Your Migraine Trigger Hit List
The list of potential migraine triggers is a long one, and the possible combinations that could add up to your migraine is even longer. But paying attention to the various triggers that are going on simultaneously can lead to better migraine control. Here are key migraine “risk factors” to be aware of:
- Too much or too little sleep
- Overeating or going too long without eating
- Change in severity of stress levels
- Excess caffeine or drastically reducing the amount you’re used to
- Extreme exercise
- Getting your period
- Drinking alcohol
- Eating certain foods
- Being in excessive heat
- Experiencing neck pain
- Certain odors, such as perfume
Some triggers are unavoidable — you can’t stop your period from coming or control the weather. But if you know that skipping exercise and drinking too much coffee when you have your period is sure to bring on a migraine, take steps to avoid the triggers that you can control.

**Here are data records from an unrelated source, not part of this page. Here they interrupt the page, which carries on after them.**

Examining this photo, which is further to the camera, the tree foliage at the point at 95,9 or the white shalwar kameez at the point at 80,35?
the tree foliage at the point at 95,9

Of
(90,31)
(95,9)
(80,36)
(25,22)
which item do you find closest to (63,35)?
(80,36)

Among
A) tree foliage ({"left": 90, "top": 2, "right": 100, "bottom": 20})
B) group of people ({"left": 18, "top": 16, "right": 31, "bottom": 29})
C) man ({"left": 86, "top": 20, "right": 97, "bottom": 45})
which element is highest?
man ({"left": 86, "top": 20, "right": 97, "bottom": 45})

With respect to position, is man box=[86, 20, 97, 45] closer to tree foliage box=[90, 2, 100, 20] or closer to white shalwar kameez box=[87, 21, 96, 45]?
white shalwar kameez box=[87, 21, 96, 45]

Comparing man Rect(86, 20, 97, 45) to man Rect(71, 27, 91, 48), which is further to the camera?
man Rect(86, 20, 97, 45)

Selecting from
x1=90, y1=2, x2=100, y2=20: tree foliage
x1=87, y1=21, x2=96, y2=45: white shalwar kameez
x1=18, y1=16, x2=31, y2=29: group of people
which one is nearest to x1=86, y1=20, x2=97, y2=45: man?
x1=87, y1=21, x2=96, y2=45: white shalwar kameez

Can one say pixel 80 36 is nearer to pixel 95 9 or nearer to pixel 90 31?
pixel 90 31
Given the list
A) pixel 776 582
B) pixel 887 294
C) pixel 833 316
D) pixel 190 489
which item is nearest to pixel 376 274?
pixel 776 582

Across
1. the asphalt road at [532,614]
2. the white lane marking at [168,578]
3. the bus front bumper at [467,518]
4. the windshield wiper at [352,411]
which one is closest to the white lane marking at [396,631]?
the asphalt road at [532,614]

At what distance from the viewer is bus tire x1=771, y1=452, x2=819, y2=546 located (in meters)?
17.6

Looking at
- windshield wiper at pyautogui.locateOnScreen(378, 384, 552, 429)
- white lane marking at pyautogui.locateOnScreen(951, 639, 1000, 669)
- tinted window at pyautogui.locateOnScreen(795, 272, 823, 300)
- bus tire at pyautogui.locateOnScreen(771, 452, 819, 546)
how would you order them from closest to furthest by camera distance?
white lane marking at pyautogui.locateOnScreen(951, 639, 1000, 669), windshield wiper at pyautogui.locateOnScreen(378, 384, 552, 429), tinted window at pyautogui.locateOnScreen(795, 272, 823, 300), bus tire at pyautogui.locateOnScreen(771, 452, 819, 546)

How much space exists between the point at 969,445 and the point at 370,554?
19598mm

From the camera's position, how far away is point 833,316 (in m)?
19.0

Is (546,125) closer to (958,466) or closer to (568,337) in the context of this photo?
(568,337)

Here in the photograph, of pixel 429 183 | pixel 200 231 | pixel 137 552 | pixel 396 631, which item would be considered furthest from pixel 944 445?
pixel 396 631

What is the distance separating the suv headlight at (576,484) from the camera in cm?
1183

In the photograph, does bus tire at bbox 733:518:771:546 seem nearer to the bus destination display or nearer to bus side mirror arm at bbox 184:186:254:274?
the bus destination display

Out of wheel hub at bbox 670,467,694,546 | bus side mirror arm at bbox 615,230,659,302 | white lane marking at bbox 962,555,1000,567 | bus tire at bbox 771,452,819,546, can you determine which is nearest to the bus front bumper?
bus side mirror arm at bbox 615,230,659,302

The reason that managing migraines is so challenging, explains Dr. Kaniecki, is that there are likely multiple genetic forms of migraine and so many potential triggers. Stress, female hormonal changes, the weather, changes in your daily schedule, and sensory stimulation from fluorescent lights, loud noise, and strong odors can all impact a genetically predisposed nervous system in a way that results in a migraine. “To date, we have yet to identify the most common genetic variations responsible for migraine in the population,” Kaniecki says.
Though a migraine is complex, in simple terms, it just means that your brain is “hyperexcitable,” reacting at a lower threshold than it would in someone without migraine, says Dr. Cohen, and leading to an inflammatory process that produces headaches. This hyperexcitable state is inherited, but there are likely hundreds, maybe even thousands, of genes that produce migraines.

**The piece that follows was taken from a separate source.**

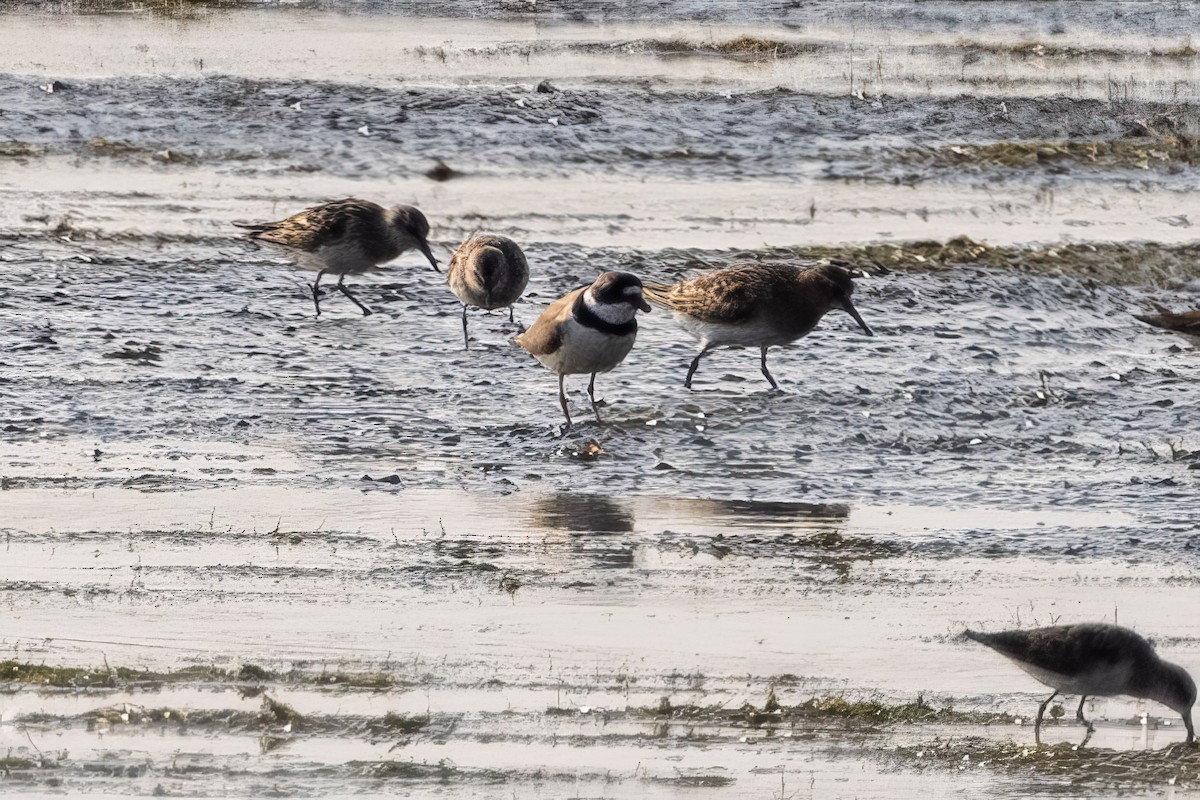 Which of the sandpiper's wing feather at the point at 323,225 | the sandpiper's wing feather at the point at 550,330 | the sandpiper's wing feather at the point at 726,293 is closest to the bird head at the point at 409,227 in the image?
the sandpiper's wing feather at the point at 323,225

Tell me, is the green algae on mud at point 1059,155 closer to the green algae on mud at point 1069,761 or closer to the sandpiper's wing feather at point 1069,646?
the sandpiper's wing feather at point 1069,646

Lifestyle Steps for Preventing Migraines
Healthy lifestyle habits can help keep a hyperexcitable brain on an even keel. In addition to looking for trigger patterns, help to prevent attacks by:
- Eating meals and snacks on a regular schedule
- Sleeping on a regular schedule — avoid napping and sleeping in on weekends
- Staying well hydrated — that means 40 to 60 ounces of water a day
- Exercising regularly
“All of these factors have been shown to improve the course for patients with migraine,” Cohen says, “and are an important part of migraine management.”